◆ Work to be completed: Repeat the data that follows exactly, starting at the line with "Villa for sale, very" and ending at the line with "Domino's Pizza Matosinhos inside", and leave out every picture.

◆ Data for this task:
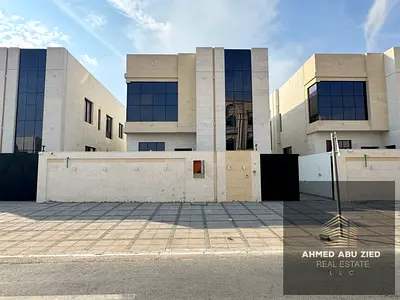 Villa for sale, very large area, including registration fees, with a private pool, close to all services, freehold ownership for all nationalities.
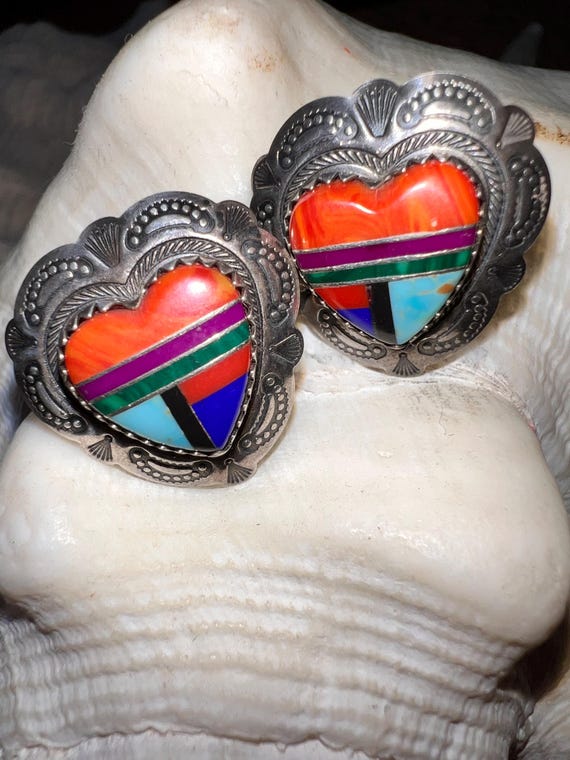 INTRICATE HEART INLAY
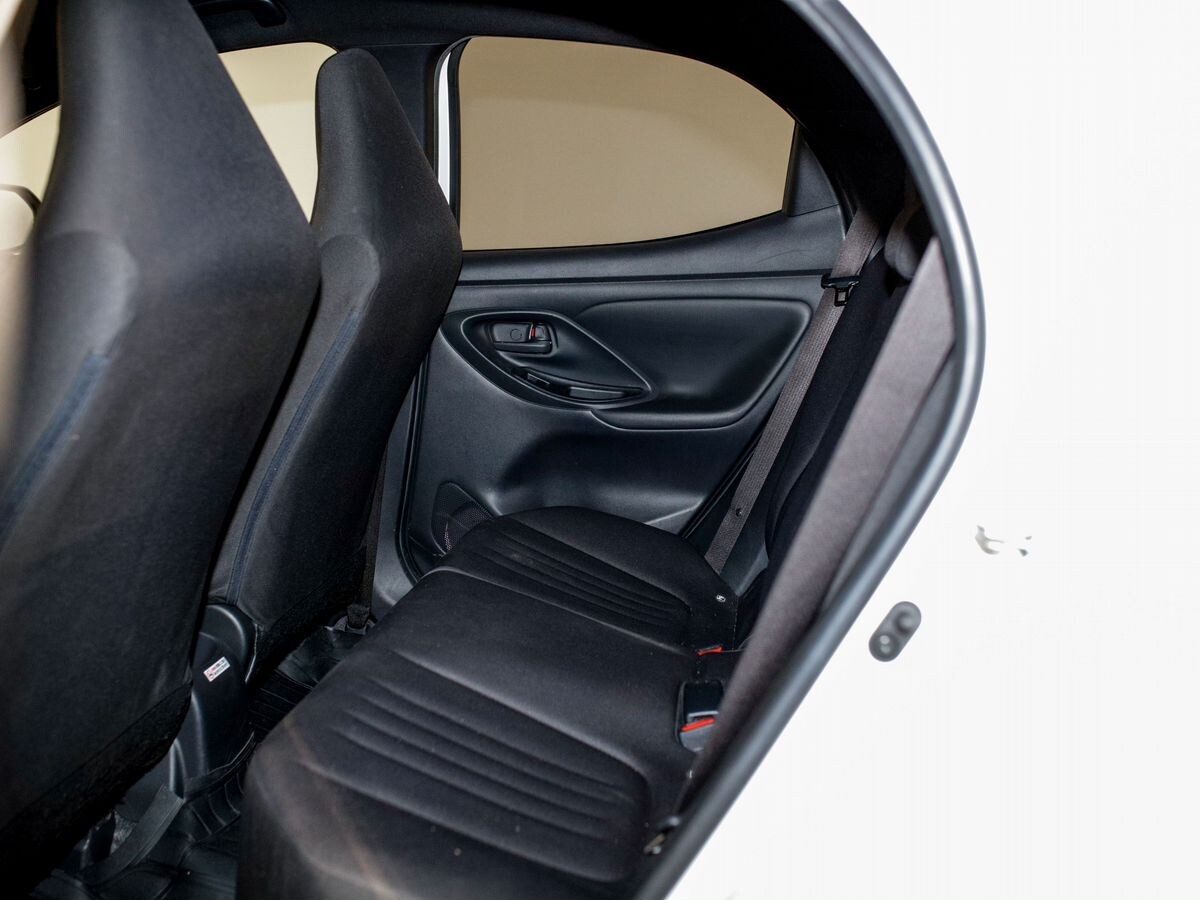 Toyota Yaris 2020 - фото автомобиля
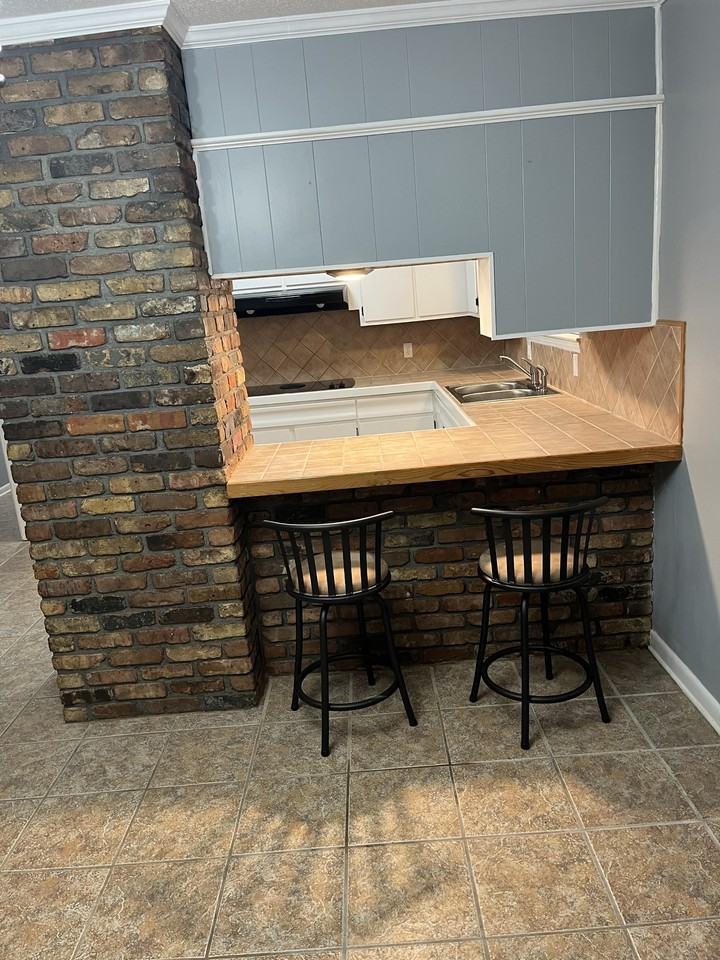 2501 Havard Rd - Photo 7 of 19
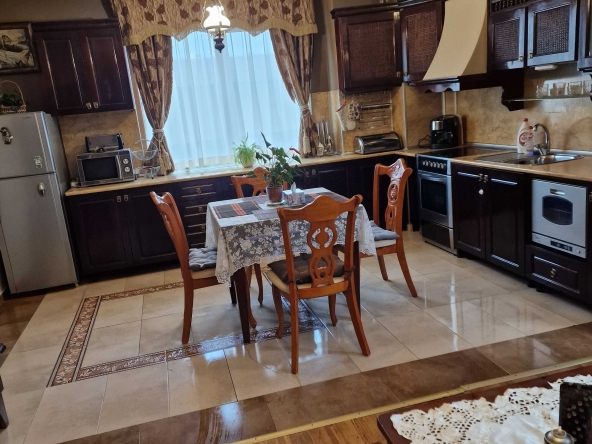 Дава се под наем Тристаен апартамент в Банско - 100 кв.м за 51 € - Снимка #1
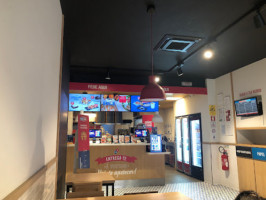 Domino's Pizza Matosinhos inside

==

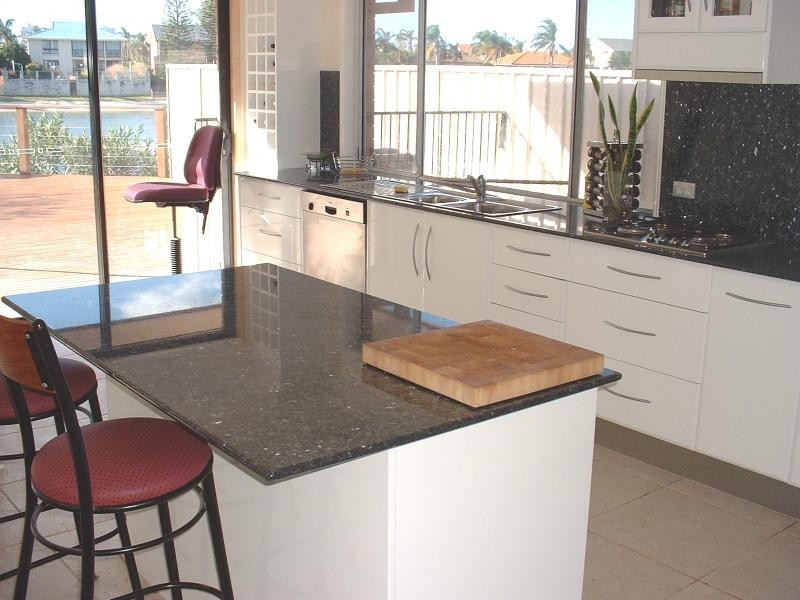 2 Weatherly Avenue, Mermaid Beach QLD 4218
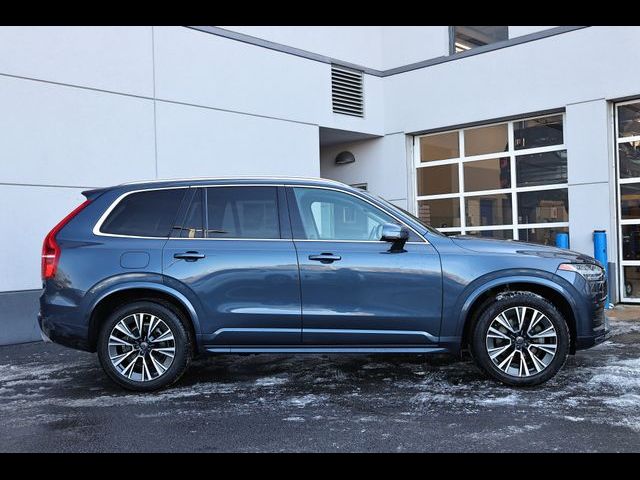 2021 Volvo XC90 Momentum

--

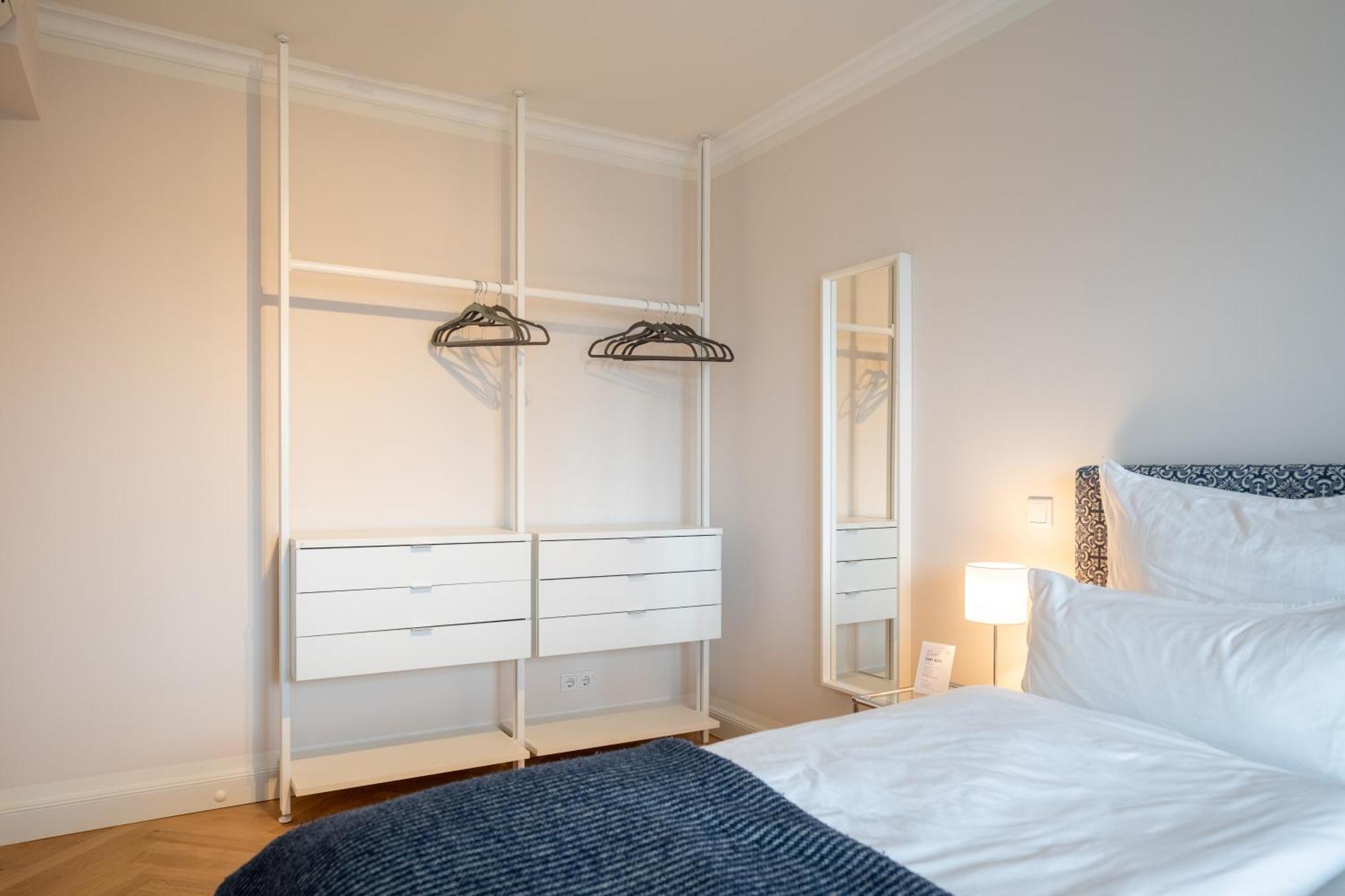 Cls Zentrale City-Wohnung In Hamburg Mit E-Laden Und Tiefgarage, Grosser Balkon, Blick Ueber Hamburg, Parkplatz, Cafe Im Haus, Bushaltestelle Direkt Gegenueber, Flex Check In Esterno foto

◆ Solution for this exercise:
 Villa for sale, very large area, including registration fees, with a private pool, close to all services, freehold ownership for all nationalities.
 INTRICATE HEART INLAY
 Toyota Yaris 2020 - фото автомобиля
 2501 Havard Rd - Photo 7 of 19
 Дава се под наем Тристаен апартамент в Банско - 100 кв.м за 51 € - Снимка #1
 Domino's Pizza Matosinhos inside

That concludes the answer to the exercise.